CC3161 / CC3161P The Art of Literary and Practical Chinese Writing

This course introduces various forms of Chinese writings as literary and practical genres. Celebrated pieces of such writings are analyzed to show their generic features and to uncover the mind and sensibilities of the writers. Problems in newspaper and magazine pieces will be identified and analyzed to guide students to master the theory and basic techniques of better literary or practical writings.

 

CC4241 / CC4241P Chinese Traditional Theatre and Performing Arts

The subject aims at introducing Chinese traditional theatre represented by the oldest Kun and Peking Operas, as well as those relatively young genres such as the Cantonese and Shanghai Opera. Other performing arts on stage will be also introduced to correct inaccurate, biased views of Chinese traditional theatre and other performing arts that students may have. The study and appreciation of Chinese traditional theatre and performing will provide significant help to students in their understanding of the richness and beauty of Chinese culture.

 

[5] Policy and Management

AF2602 Global Economic Environment

This subject aims to provide students with an overview of global business environment, and to develop students’ ability to identify and analyze those aspects of the domestic and global business environment that set the ‘parameters of choice’ within which business organizations set objectives and take actions.

 

CC4151 / CC4151P Chinese Cultural Policy and Heritage Management

This course aims to offer an in-depth understanding of the factors and mechanism of cultural policy formulation on the one hand and problems, constraints and prospects of cultural heritage conservation in China on the other. Definitions, characteristics, historical background, international trends in heritage preservations, development models and prospects for both cultural policies and the cultural industry in present-day China will be studied, as will factors influencing cultural policies and the impact of policy environment on the development of cultural industry.
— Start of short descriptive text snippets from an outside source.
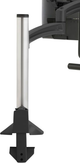 Chief® Kontour™ Black K2C Dual Monitor Array Articulating Column Mount-1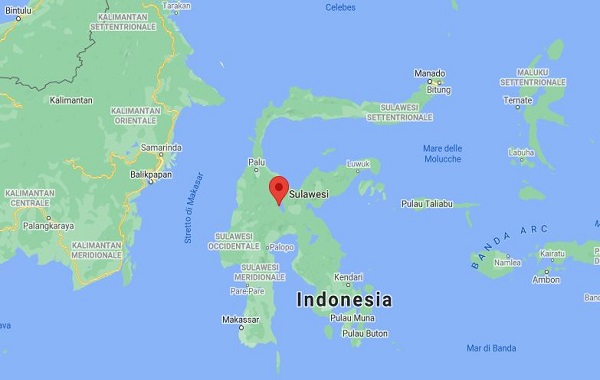 Indonesia: terremoto di magnitudo 7, 4. Allarme Tsunami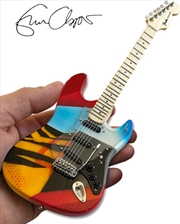 Buy Eric Clapton Crash 3 Crashocaster Mini Guitar Replica Collectible EC-152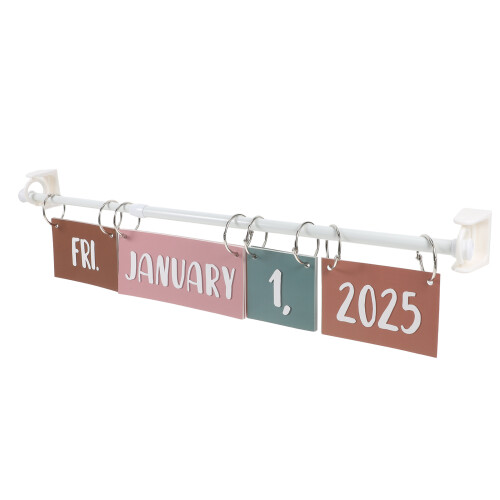3Ensembles Calendrier Suspendu Boho Avec Support Métallique Pour École 1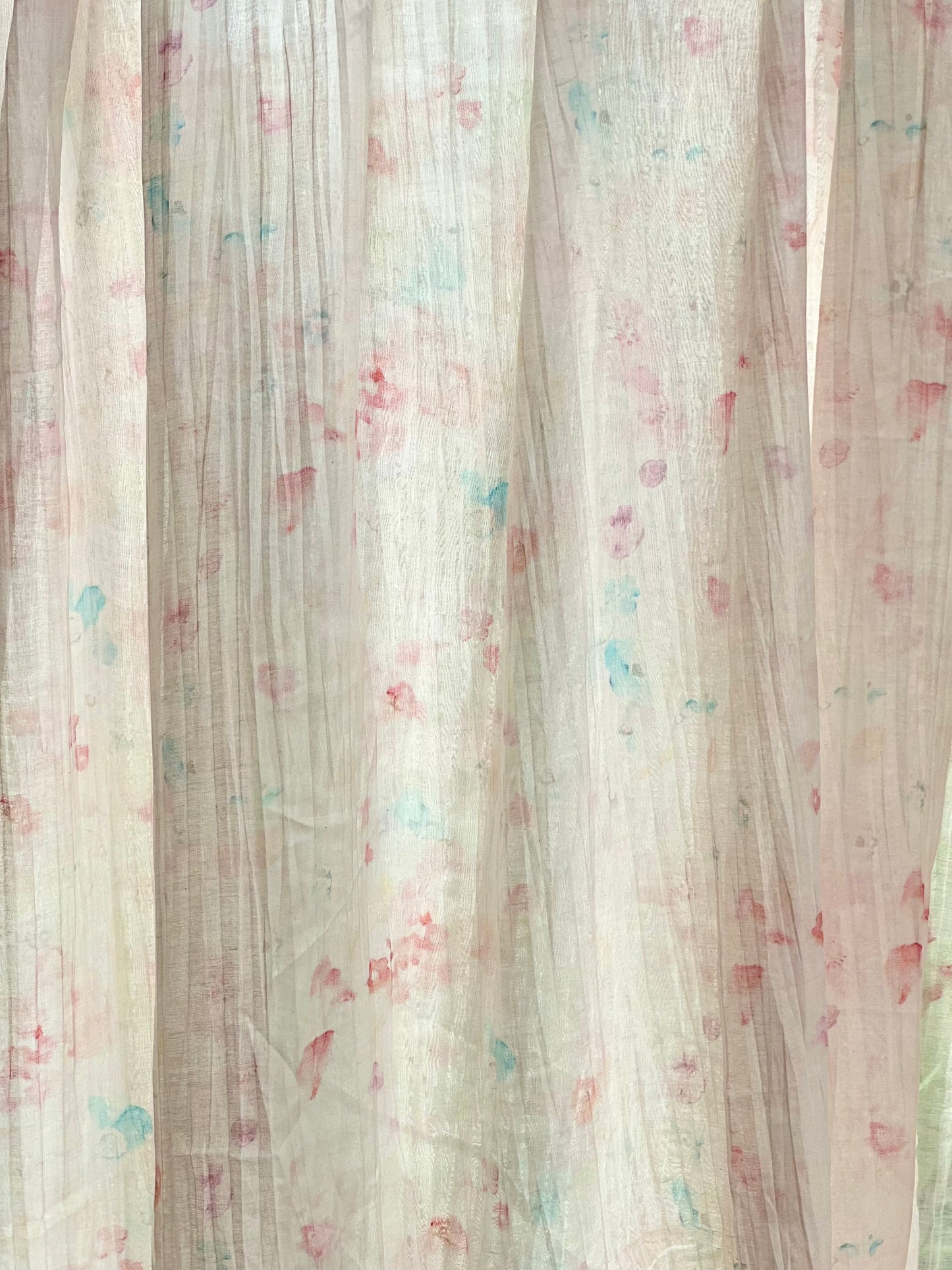 Digital Printed Malai Chanderi Fabric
Recent development of cultural heritage conservation and management in China within the context of rapid economic growth and marketization will be examined. Policy, management system, financing and operating models of cultural heritage conservation, as well as commercialization of cultural heritage will be looked into.

 

HTM3251 Tourism and Chinese Culture

This subject takes a cultural studies perspective and aims at introducing students to issues relating to the exploitation of culture and heritage for tourism and recreation. The causes and consequences of tourism in globalization and culture change are discussed with references to and implications for traditional Chinese culture. The subject will take both macro and micro perspectives. The macro perspective addresses the broad contexts of cultural tourism and tourism culture within which cultural consumption occurs in a leisure-oriented society. This encompasses commoditization in the cultural industries, authenticity in tourist experience, and tourism as experiential learning. The micro perspective deals with the phenomena and diversities of cultural tourism experience. With instances from China tourism and/or Chinese culture, this section will focus on the spectrum of cultural tourism attractions in respect to the planning, marketing and management in cultural tourism product development.